Inherent Unreadability
All this hacking in of functionality has left XML a mess. I’m just going to copy some STIX XML over. Look at it.
LOOK AT IT.
<stix:STIX_Package
xmlns:xsi="http://www.w3.org/2001/XMLSchema-instance"
xmlns:stix="http://stix.mitre.org/stix-1"
xmlns:stixCommon="http://stix.mitre.org/common-1"
xmlns:ttp="http://stix.mitre.org/TTP-1"
xmlns:cybox="http://cybox.mitre.org/cybox-2"
xmlns:AddressObject="http://cybox.mitre.org/objects#AddressObject-2"
xmlns:cyboxVocabs="http://cybox.mitre.org/default_vocabularies-2"
xmlns:stixVocabs="http://stix.mitre.org/default_vocabularies-1"
xmlns:example="http://example.com/"
xsi:schemaLocation="
http://stix.mitre.org/stix-1 http://stix.mitre.org/XMLSchema/core/1.1.1/stix_core.xsd
http://stix.mitre.org/Campaign-1 http://stix.mitre.org/XMLSchema/campaign/1.1.1/campaign.xsd
http://stix.mitre.org/Indicator-2 http://stix.mitre.org/XMLSchema/indicator/2.2/indicator.xsd
http://stix.mitre.org/TTP-2 http://stix.mitre.org/XMLSchema/ttp/1.1.1/ttp.xsd
http://stix.mitre.org/default_vocabularies-1 http://stix.mitre.org/XMLSchema/default_vocabularies/1.1.1.0/stix_default_vocabularies.xsd
http://cybox.mitre.org/objects#AddressObject-2 http://cybox.mitre.org/XMLSchema/objects/Address/2.1/Address_Object.xsd"

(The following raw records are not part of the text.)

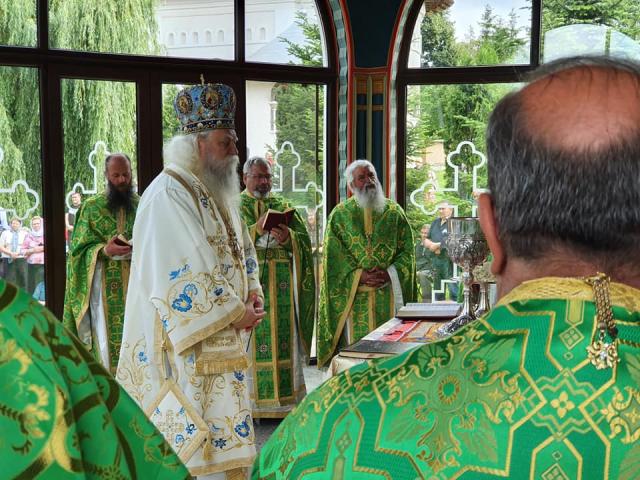 PS Calinic Botoșăneanul a slujit la hramul Mănăstirii Gorovei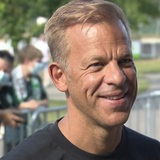 Der neue Cheftrainer der Fußballmannschaft von Werder Bremen Markus Anfang bei einem Interviewtermin.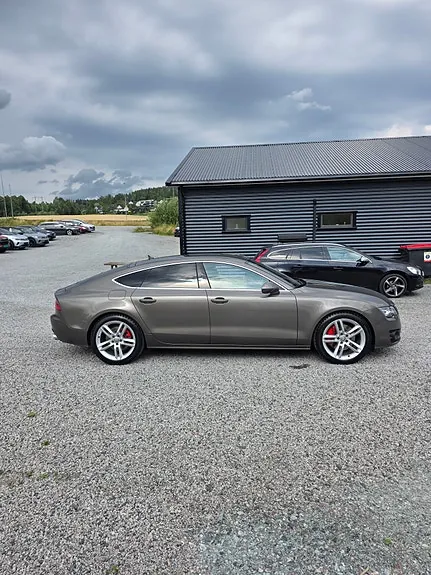Audi A7 2012 photo 2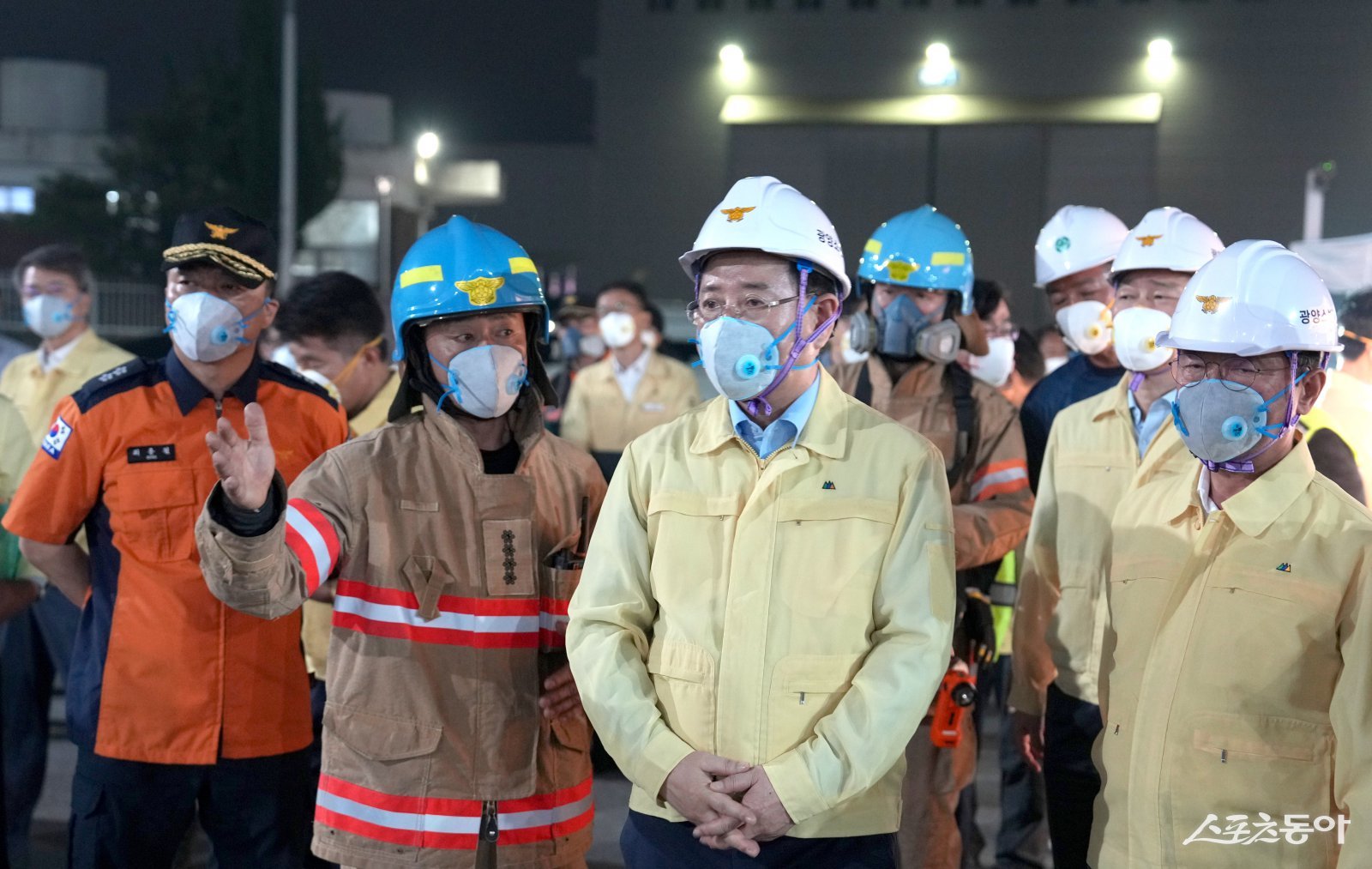 김영록 전라남도지사가 지난 18일, 지난13일 화재가 발생한 광양항 동측배후단지 내 물류창고 현장을 둘러보며 현황을 청취하고 있다. 사진제공=전남도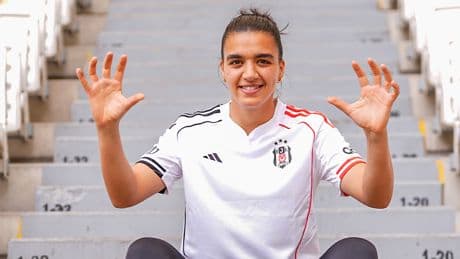 Beşiktaş Kadın Futbol Takımı, Aicha Hamideche'yi renklerine bağladı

id="example:STIXPackage-cc0ca596-70e6-4dac-9bef-603166d17db8"
version="1.1.1"
>
<stix:Observables cybox_major_version="1" cybox_minor_version="1">
<cybox:Observable id="example:observable-c8c32b6e-2ea8-51c4-6446-7f5218072f27">
<cybox:Object id="example:object-d7fcce87-0e98-4537-81bf-1e7ca9ad3734">
<cybox:Properties xsi:type="AddressObject:AddressObjectType" category="ipv4-addr">
<AddressObject:Address_Value>198.51.100.2</AddressObject:Address_Value>
</cybox:Properties>
</cybox:Object>
What even is this any more? What does it do? WHO KNOWS!?
The backend of all
I swear XML is the backend fro just about everything I use daily. Web browser? XML. Maltego? XML. Threat Intel stuff? EX EM ELL.
It’s got so bad that there are extensions to XML to make it programmable and all other manner of things that should never have come to be.
Anything we do these days uses XML somewhere, and that’s just not acceptable.
If we’re going to go anywhere with technology, we at least need standards that humans can read. Otherwise we’ll end up with another COBOL where it’s still in use, but all those that ever knew it have long retired or died.
What are we to use instead?
There are a few standards that I rather like, including buy not limited to
JSON
JavaScript Object Notation
{
"car": {
"wheels" : 4
}
}
This is currently my favourite standard because of the interoperability with python’s dict format.
It can be used to store stupidly complex data, and is MUCH more readable than the abortion of XML ever could be.
YAML
Yet Another Markup Language
car:
wheels: 4
YAML is lovely for config files, it’s really structured and can keep lists, dicts and probably a load of other stuff. I’ve only really used it for config files, and it seems nice. It’s incredibly strict on layout though, any incorrect indentation and you’ll have yourself an invalid document.
Conclusion
XML is what happens when a cripple and a thalidomide baby breed. Kill it before it’s allowed to spawn any more than it already has.